Monday, January 7, 2019

Ben Dover takes charge at VA - The Trump Administration Is Launching Stealth Attacks on Veterans

The Republican Party stands with America’s veterans — until America’s veterans stand up to the party’s donor class.
The GOP relies on former servicemen and women as both a constituency (in 2016, Donald Trump won them by a two-to-one margin), and as reinforcements in its culture war. Veterans command broad, bipartisan respect — and thus, have the power to turn any cause they’re associated with into a sacred cow. Republicans have had little difficulty reframing calls for cutting America’s gargantuan military budget or ending misbegotten wars — or even reducing police violence against African-Americans — as affronts to those who fought and died for this country.

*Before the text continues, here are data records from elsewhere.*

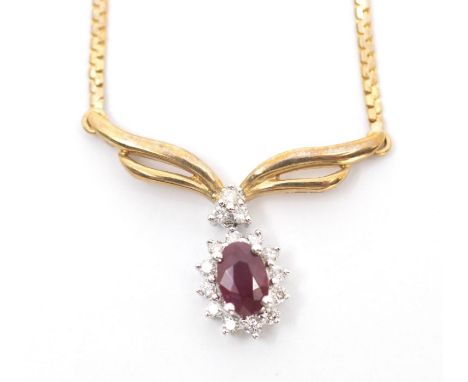 A 9k pendant, claw set oval and ruby surrounded by diamond border with yellow gold bow surmount, suspended on fine link chain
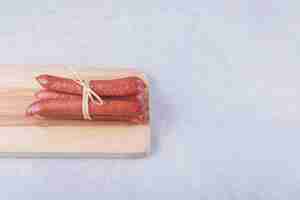 Photo gratuite saucisses fumées attachées avec une corde sur planche de bois.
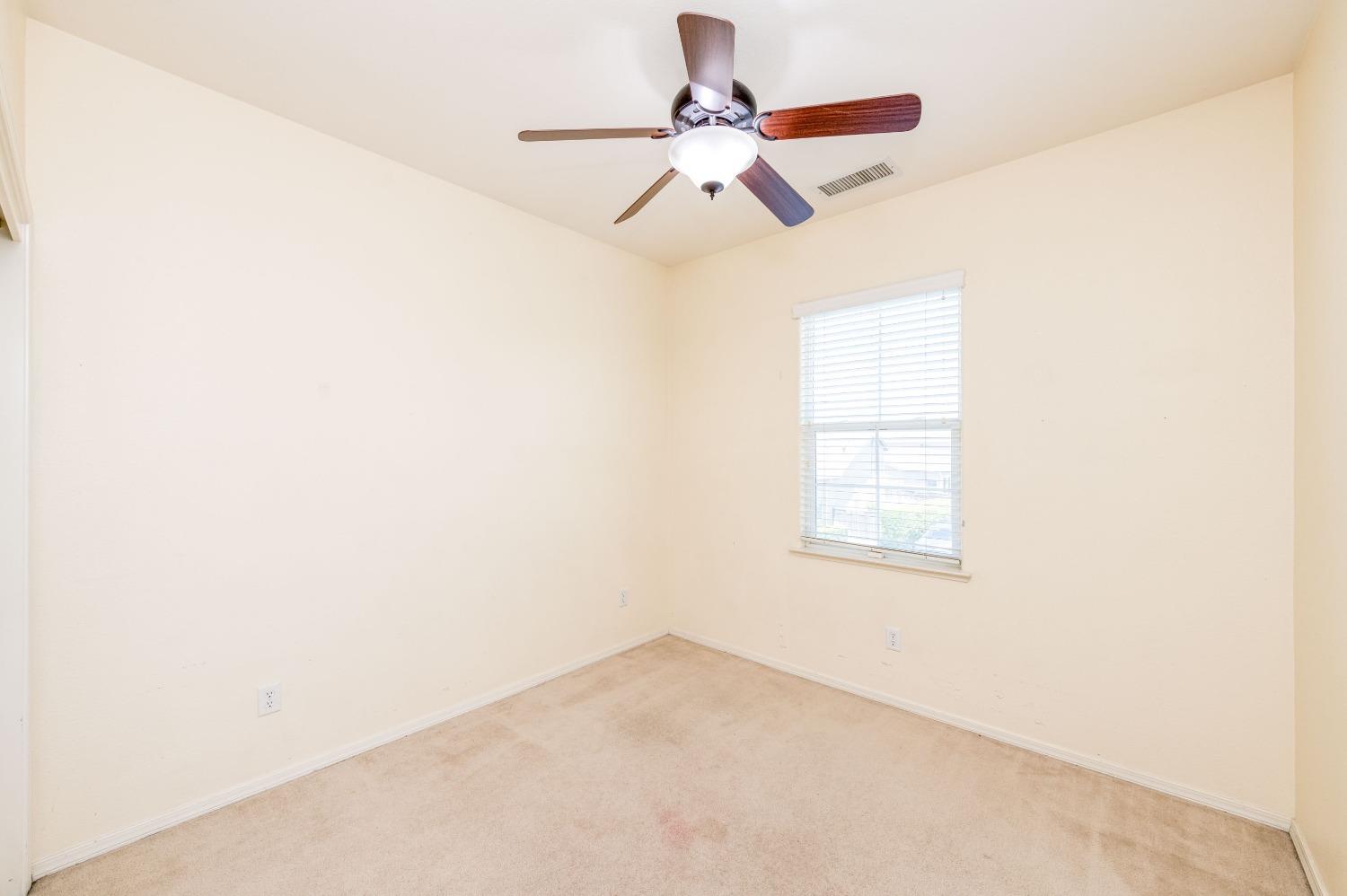 694 West Lisbon Lane Clovis, CA 93619 - Photo 19 of 39 an empty room with a window and a ceiling fan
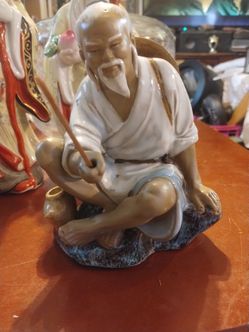 Beautiful porcelain Chinese fisherman
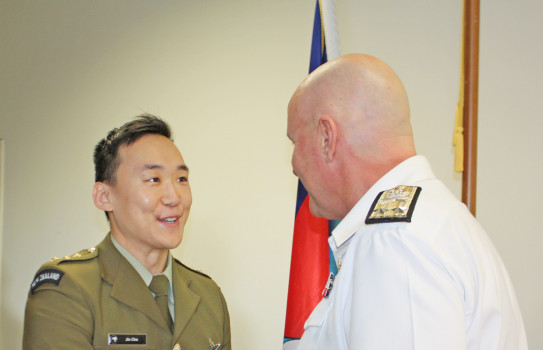 Captain Jin Cha in military dress uniform, receives the New Zealand Defence Service Medal from Commander Joint Forces New Zealand, Rear Admiral Jim Gilmour. The pair shake hands.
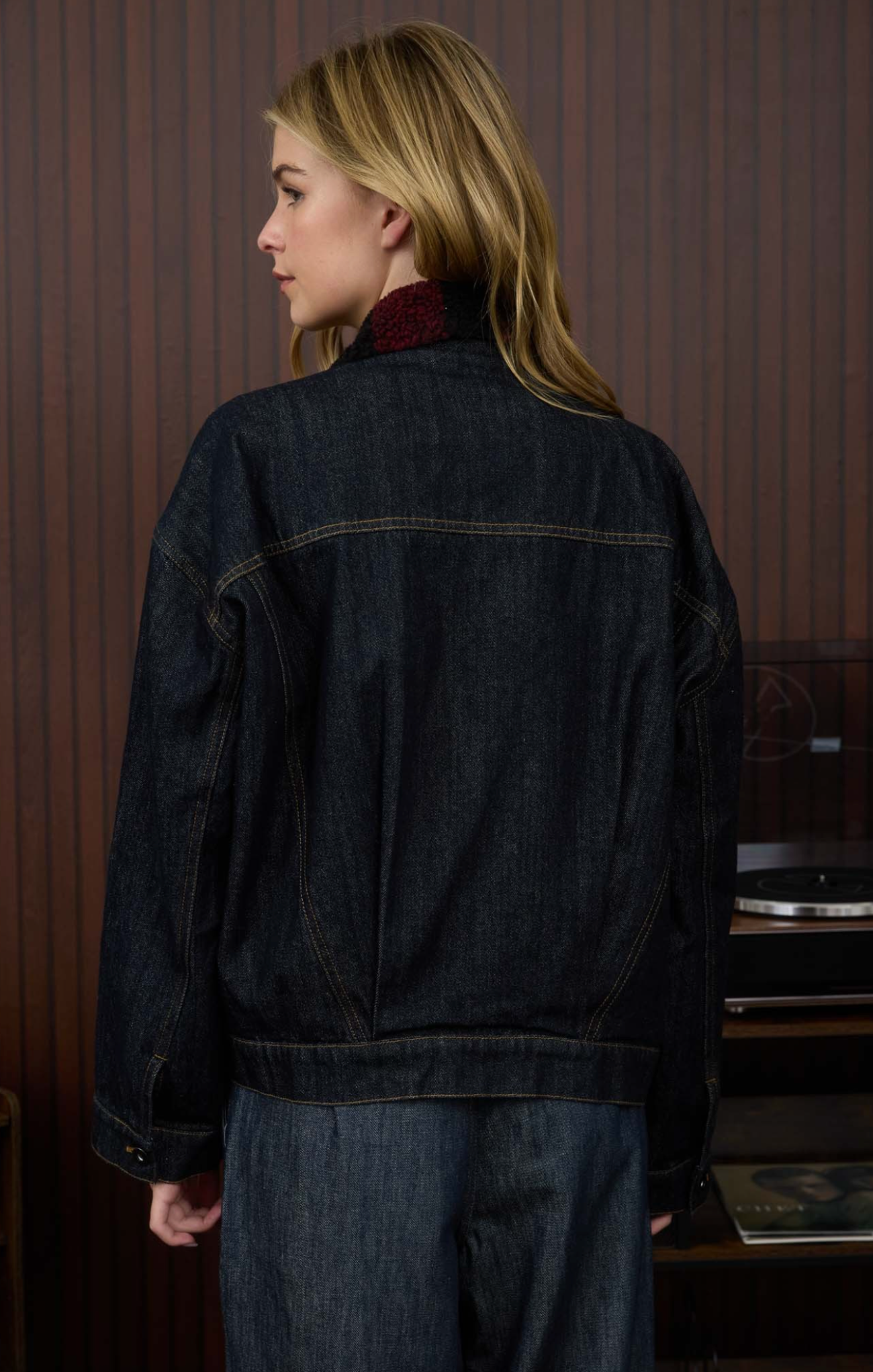 Person wearing a dark denim jacket in a room with wooden paneling.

But veterans’ cultural cachet is a double-edged sword for the GOP. The conservative movement exists to undermine the notion that the federal government has an obligation to safeguard the well-being of working-class Americans. And veterans are both largely working-class and disproportionately likely to rely on public programs and public-interest regulations for their well-being. Vets get their health care from the single most socialized segment of America’s health-care sector — and most of their advocacy organizations want to keep it that way. Meanwhile, veterans’ acute vulnerability to predatory lenders has abetted the passage of bipartisan legislation strengthening federal regulations on the finance industry. Which is to say that on a number of economic issues, Democrats are the ones holding the “support our troops” card.
All this presented the Trump administration with a stark choice: It could either show deference to the interests of one of its core constituencies, or maximize its cronies’ ability to profit off of deregulation and privatization (at considerable political risk).
It’s now clear that president Trump has opted for door No. 2.